Some writers assume that Epictetus was manumitted by his master, but I can find no evidence for this statement. Epaphroditus accompanied Nero when he fled from Rome before his enemies, and he aided the miserable tyrant in killing himself. Domitian (Suetonius, Domitian 14) afterwards put Epaphroditus to death for this service to Nero. We may conclude that Epictetus in some way obtained his freedom, and that he began to teach at Rome; but after the expulsion of the philosophers from Rome by Domitian, 89 AD, he retired to Nicopolis in Epirus, a city built by Augustus to commemorate the victory at Actium. Epictetus opened a school or lecture room at Nicopolis, where he taught till he was an old man. The time of his death is unknown. Epictetus was never married, as we learn from Lucian (Life of the Philosopher Demonax, note by Tiberius Hemsterhusius). When Epictetus was finding fault with Demonax and advising him to take a wife and beget children, for this also, as Epictetus said, was a philosopher’s duty, to leave in place of himself another in the Universe, Denionax refuted the doctrine by answering, Give me then, Epictetus, one of your own daughters. Simplicius says (Commentary on Epictetus’s Enchiridion, chapter 46, page 432, Schweighäuser edition) that Epictetus lived alone a long time. At last he took a woman into his house as a nurse for a child, which one of Epictetus’ friends was going to expose on account of his poverty, but Epictetus took the child and brought it up.

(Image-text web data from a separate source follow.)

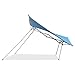 Caravan Canopy EVO08021 8' x 8' Evo Shade Instant, Blue Top/White Frame Canopy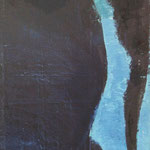 "Vulcano" . 1998 . Werk No.4 / 3 . Oel auf Leinwand . 150x70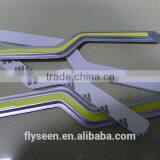 New Arriver 12v 14w Auto Car Led Cob Daytime Running Light DRL Z Shape Signal Light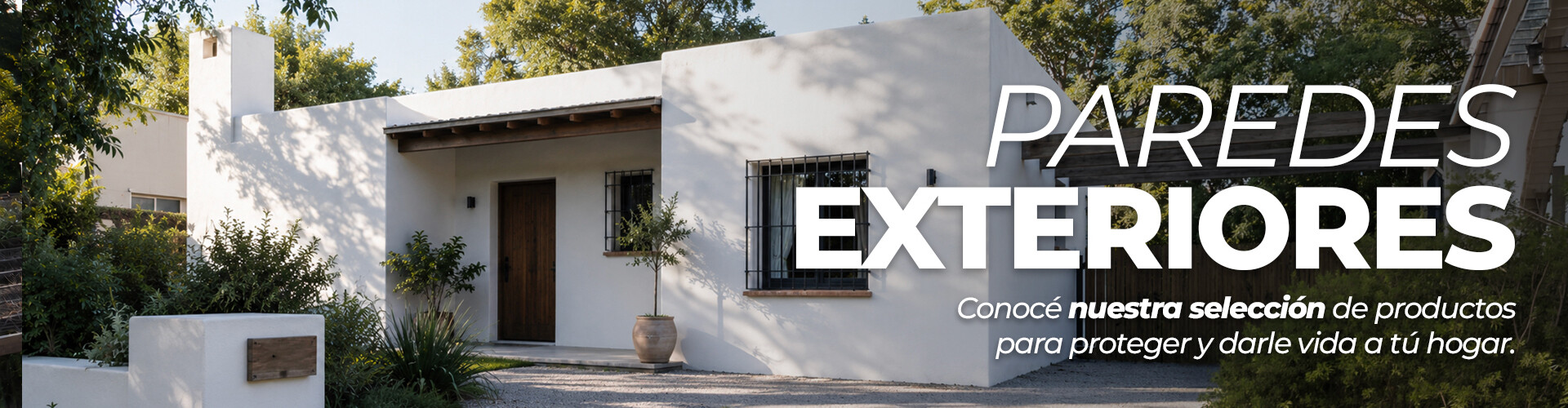 paredes exteriores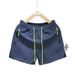Men's & Women's Quick-Dry Color Block Athletic Shorts - Breathable 3/4 Length Sportswear For Running Training Beach_viptrois.com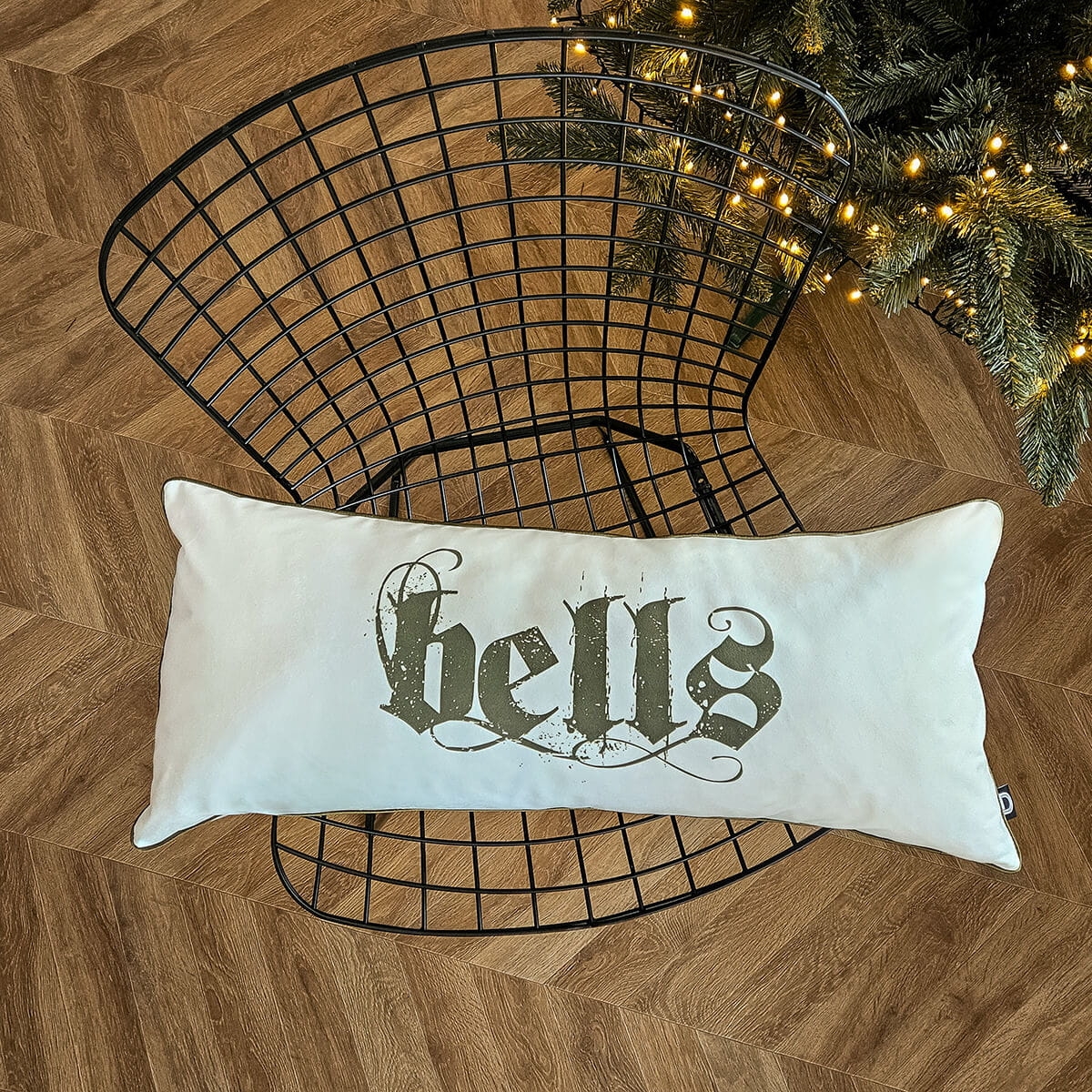 Poduszka XMAS wzór XM33 | Oliwkowe bells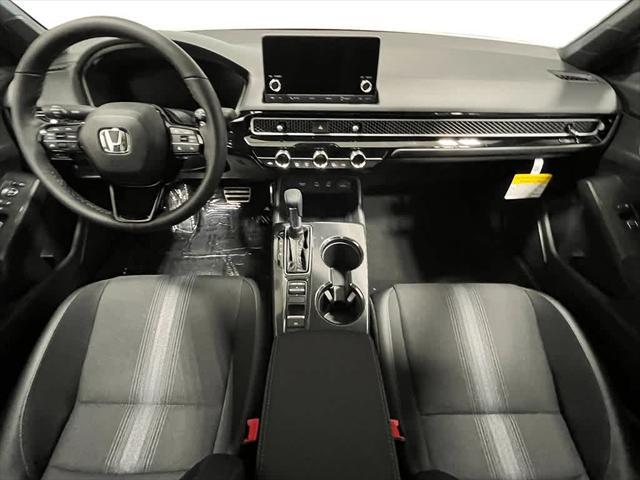 Photo of 2026 Crystal Black Pearl Honda Civic Hybrid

Epictetus wrote nothing, and all that we have under his name was written by an affectionate pupil, Arrian, afterwards the historian of Alexander the Great, who, as he tells us, took down in writing the philosopher’s discourses (the Epistle of Arrian to Lucius Gellius). These discourses formed eight books, but only four are extant under the title of Ἐπικτήτου διατριβαί. Simplicius in his commentary on the Ἐγχειρίδιον or Manual, states that this work also was put together by Arrian, who selected from the discourses of Epictetus what he considered to be most useful, and most necessary, and most adapted to move men’s minds. Simplicius also says that the contents of the Encheiridion are found nearly altogether and in the same words in various parts of the Discourses. Arrian also wrote a work on the life and death of Epictetus. The events of the philosopher’s studious life were probably not many nor remarkable; but we should have been glad if this work had been preserved, which told, as Simplicius says, what kind of man Epictetus was.